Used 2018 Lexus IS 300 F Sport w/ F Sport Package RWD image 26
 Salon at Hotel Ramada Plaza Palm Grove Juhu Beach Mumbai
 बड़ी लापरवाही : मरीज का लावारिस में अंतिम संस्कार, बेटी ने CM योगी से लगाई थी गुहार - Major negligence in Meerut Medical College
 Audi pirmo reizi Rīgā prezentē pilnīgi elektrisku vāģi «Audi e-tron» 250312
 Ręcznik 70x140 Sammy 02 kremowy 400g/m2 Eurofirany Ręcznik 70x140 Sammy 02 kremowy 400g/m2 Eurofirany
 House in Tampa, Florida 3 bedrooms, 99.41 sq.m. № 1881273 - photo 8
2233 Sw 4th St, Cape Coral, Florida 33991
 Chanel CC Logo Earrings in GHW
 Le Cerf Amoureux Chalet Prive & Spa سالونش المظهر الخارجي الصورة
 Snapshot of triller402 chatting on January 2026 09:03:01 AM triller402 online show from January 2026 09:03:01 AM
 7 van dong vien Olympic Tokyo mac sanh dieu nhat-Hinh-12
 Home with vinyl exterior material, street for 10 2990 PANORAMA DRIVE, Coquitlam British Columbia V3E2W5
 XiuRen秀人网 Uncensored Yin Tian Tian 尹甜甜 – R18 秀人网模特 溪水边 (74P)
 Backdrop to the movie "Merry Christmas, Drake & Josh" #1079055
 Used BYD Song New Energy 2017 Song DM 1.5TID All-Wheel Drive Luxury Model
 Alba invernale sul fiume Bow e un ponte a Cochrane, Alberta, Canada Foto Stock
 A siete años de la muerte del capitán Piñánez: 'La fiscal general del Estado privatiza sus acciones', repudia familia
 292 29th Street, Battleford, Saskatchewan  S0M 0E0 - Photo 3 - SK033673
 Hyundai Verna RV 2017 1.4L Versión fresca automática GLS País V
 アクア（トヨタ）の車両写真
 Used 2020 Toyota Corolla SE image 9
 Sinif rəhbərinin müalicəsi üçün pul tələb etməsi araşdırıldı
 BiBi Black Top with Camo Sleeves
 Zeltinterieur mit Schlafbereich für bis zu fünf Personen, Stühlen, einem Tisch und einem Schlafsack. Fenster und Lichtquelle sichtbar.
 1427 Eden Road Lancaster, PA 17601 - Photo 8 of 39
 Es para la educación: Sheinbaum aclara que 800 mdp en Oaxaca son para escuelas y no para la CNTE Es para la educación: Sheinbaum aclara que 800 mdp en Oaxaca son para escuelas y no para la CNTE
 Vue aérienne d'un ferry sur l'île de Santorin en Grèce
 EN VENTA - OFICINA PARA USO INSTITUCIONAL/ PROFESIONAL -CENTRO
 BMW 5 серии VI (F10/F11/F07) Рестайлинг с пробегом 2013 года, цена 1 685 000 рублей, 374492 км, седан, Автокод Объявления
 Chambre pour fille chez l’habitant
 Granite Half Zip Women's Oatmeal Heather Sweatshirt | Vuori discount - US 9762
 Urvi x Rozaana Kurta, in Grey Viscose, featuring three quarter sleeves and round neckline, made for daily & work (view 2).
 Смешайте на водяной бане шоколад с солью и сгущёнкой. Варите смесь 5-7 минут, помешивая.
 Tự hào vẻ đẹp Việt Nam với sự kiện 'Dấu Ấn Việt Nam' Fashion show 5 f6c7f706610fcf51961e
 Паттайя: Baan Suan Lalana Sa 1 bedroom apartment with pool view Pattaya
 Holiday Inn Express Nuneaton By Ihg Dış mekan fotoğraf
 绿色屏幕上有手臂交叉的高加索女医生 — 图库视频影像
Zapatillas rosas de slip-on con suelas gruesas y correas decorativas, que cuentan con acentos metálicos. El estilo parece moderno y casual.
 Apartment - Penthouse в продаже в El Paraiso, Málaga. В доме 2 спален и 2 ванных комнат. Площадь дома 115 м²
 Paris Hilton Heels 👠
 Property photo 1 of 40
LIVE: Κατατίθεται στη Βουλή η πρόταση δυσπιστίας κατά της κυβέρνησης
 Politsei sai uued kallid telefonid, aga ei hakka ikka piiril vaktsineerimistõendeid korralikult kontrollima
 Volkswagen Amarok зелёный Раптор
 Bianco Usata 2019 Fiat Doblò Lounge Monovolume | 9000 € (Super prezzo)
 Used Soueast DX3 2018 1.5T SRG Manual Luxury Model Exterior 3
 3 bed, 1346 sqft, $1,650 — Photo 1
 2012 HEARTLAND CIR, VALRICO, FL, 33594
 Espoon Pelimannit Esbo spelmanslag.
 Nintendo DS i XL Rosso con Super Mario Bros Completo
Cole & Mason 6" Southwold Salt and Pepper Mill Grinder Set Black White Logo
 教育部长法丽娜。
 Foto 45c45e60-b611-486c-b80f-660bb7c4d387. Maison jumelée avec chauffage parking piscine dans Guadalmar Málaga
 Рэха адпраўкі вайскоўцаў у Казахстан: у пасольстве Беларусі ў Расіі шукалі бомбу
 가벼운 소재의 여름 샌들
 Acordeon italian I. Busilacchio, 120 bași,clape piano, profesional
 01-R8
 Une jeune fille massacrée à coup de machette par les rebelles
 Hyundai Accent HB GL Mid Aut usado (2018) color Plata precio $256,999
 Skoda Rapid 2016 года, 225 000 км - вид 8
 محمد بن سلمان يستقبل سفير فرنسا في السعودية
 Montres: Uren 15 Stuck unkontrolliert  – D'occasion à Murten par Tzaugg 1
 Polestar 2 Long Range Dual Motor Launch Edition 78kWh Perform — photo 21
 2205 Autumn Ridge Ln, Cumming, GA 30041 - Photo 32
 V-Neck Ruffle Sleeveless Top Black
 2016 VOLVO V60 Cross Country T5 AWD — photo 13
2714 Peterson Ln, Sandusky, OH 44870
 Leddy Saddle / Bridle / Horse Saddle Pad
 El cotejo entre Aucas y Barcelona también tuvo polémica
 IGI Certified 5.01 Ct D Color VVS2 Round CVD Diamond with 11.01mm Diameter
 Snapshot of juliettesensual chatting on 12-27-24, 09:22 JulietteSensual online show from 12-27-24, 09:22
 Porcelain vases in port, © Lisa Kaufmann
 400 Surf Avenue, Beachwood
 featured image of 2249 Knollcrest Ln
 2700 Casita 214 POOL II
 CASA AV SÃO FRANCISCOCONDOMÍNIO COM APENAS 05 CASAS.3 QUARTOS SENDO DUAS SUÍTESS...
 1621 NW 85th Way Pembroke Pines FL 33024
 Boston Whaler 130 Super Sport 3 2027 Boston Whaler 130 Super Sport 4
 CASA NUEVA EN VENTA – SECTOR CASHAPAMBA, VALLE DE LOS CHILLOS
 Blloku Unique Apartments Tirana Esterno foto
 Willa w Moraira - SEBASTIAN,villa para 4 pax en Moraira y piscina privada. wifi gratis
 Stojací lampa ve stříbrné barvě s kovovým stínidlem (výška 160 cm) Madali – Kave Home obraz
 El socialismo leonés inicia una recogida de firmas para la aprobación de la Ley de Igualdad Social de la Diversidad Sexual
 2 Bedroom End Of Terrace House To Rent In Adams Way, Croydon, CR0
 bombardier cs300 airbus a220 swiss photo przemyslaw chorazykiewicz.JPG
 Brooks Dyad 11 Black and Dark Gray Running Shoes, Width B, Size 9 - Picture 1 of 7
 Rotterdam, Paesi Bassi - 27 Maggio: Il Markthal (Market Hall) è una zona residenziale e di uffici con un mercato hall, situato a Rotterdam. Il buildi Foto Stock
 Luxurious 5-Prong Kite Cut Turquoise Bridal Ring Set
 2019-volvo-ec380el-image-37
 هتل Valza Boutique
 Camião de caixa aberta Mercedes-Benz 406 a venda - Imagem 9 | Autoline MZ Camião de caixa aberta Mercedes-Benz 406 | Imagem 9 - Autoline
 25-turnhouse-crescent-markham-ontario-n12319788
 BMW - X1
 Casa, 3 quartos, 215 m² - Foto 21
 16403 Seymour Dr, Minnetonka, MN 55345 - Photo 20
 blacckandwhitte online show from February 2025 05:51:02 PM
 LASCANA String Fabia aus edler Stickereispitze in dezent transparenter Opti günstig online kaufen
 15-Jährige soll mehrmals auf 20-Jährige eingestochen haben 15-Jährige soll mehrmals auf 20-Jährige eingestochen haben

**TASK DIRECTIONS:** Would you please repeat the lines from the one with "2019-volvo-ec380el-image-37" through the last line of the listing above, exactly and with nothing else?

**RESULT OF THE EXERCISE:**
 2019-volvo-ec380el-image-37
 هتل Valza Boutique
 Camião de caixa aberta Mercedes-Benz 406 a venda - Imagem 9 | Autoline MZ Camião de caixa aberta Mercedes-Benz 406 | Imagem 9 - Autoline
 25-turnhouse-crescent-markham-ontario-n12319788
 BMW - X1
 Casa, 3 quartos, 215 m² - Foto 21
 16403 Seymour Dr, Minnetonka, MN 55345 - Photo 20
 blacckandwhitte online show from February 2025 05:51:02 PM
 LASCANA String Fabia aus edler Stickereispitze in dezent transparenter Opti günstig online kaufen
 15-Jährige soll mehrmals auf 20-Jährige eingestochen haben 15-Jährige soll mehrmals auf 20-Jährige eingestochen haben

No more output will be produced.